In a note to investors, Kames Capital said it believed “the current market turmoil makes it difficult to provide a true value for the funds underlying assets”. The firm’s fund owns a number of warehouses, office buildings and high street retail outlets. It will review the suspension in 28 days along with Colombia Threadneedle, which said: “The suspension of the Threadneedle fund is consistent with the FCA’s upcoming rules which require a fund to suspend if more than 20% of its assets cannot be accurately valued.”
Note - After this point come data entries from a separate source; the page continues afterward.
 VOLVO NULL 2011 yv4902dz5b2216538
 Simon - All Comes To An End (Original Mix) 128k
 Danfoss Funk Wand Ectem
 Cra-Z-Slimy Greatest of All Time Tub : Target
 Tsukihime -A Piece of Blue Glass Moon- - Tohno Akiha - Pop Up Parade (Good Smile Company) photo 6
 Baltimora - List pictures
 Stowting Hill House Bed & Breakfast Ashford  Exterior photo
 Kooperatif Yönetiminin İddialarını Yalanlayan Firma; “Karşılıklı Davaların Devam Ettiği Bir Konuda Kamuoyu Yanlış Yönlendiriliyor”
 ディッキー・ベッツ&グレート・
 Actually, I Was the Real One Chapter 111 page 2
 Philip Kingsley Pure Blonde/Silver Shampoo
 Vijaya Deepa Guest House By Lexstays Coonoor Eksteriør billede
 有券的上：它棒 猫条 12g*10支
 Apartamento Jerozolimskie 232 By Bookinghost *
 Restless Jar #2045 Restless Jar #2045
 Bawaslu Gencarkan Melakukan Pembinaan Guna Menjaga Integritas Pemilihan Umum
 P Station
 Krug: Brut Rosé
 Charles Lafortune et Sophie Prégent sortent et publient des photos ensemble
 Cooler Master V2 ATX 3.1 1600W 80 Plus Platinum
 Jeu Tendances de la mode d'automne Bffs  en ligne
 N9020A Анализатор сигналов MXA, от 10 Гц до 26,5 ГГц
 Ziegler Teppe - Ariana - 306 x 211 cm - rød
A spokesperson from Aviva Investors said that it had been advised by its independent valuer that there is currently ‘material valuation uncertainty’ for all property assets within the portfolio. “If we allow dealing to continue some investors may be advantaged at the expense of others,” the spokesperson said.
Edward Glyn, head of global markets at global funds network Calastone, outlined how the market uncertainty would see fund managers faced with a sudden increase in cash demands from investors. This, he said, would lead to forced building sales, but buyers will be on strike until there’s clarity about what lies ahead.
“To protect investors, it’s therefore entirely right that funds suspend trading,” he said. “Property is a long-term investment and investors must accept that illiquid real estate is not an ATM. When conditions begin to normalise again, those who still wish to withdraw cash will be able to do so as fund managers become able to liquidate assets at reasonable prices.”